# Multiple Locos on a DC Layout



## You Know Who (Jun 17, 2014)

Is it okay to run two or three locomotives together on a DC layout if their speeds are fairly close together, or does it damage the motors? I need multiple engines for heavy trains, but I don't want to ruin my 80+ dollar locomotives.


----------



## Bone1977 (Jan 17, 2014)

I've done it for years without problems. As long as they have roughly the same speed there should be no issues. I tend to put the faster engine in front, but once they are under the weight of pulling it balances out. Don't gun the throttle and if you notice or hear wheel slip from the front engine back off the throttle a bit.

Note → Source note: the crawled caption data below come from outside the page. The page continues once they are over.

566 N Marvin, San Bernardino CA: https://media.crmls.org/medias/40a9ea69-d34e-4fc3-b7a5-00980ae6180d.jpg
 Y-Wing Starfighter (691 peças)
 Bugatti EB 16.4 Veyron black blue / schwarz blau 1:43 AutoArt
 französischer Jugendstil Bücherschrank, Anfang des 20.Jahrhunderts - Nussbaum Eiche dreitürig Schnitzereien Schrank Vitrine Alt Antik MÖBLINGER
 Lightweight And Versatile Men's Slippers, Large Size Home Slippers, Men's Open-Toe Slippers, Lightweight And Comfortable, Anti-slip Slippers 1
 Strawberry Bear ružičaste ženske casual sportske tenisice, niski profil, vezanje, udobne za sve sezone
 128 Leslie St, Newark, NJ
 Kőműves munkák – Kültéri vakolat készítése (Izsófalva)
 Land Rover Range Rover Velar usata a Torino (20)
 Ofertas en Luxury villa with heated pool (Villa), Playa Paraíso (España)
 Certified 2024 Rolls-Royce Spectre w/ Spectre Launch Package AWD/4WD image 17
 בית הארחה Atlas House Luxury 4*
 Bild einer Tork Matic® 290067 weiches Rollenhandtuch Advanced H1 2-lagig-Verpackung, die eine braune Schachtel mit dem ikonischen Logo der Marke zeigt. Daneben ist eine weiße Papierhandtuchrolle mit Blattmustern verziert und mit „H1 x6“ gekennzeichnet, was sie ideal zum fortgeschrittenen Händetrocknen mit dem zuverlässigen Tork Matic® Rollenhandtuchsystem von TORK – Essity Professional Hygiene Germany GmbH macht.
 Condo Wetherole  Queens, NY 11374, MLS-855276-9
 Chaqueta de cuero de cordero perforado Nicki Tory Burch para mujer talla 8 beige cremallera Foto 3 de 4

I'm currently running three Kato engines for a modern mixed consist of my UP and BNSF stuff without issue. I have a rise that requires at least 2 engines to make it up with the 40 cars I'm pulling.


----------



## gator do 65 (Jan 27, 2014)

As Bone said no problem, Just make sure you have enough amps! I'm currently running four with a railpower 1300, however the controller does get pretty warm after long sessions and has tripped the overload once but that was just me going for broke running everything!


----------



## Bone1977 (Jan 17, 2014)

I use an MRC 1370 and have no issues running three trains with it. A great and cheap DC power supply. I have the Kato double cross kit for my unitrack layout and use it to power both ovals. When the trains cross the power zones they don't even flicker, even when I run two separate consists and the end up on the same oval.


----------



## Chet (Aug 15, 2014)

No problem. I also have been doing this for years using multiple units for pulling a long train on a grade. My old Atlas Alcos all run at the same speed.


----------



## Howard1975 (Jan 6, 2014)

It's perfectly okay to run multiple locomotives together on regular DC power, as long as they run at about the same speed. If one engine is slightly stronger, I usually put that in front. The other thing to watch for, is the power pack has enough amperage to operate all the locomotives together, without overheating. On a decent power pack, you can usually run 3-6 (sometimes more) N scale locomotives at the same time, if they all behave themselves, and the power pack is strong enough to handle the electrical load. It really depends on how powerful the power pack is, and how much amperage the locos need.


----------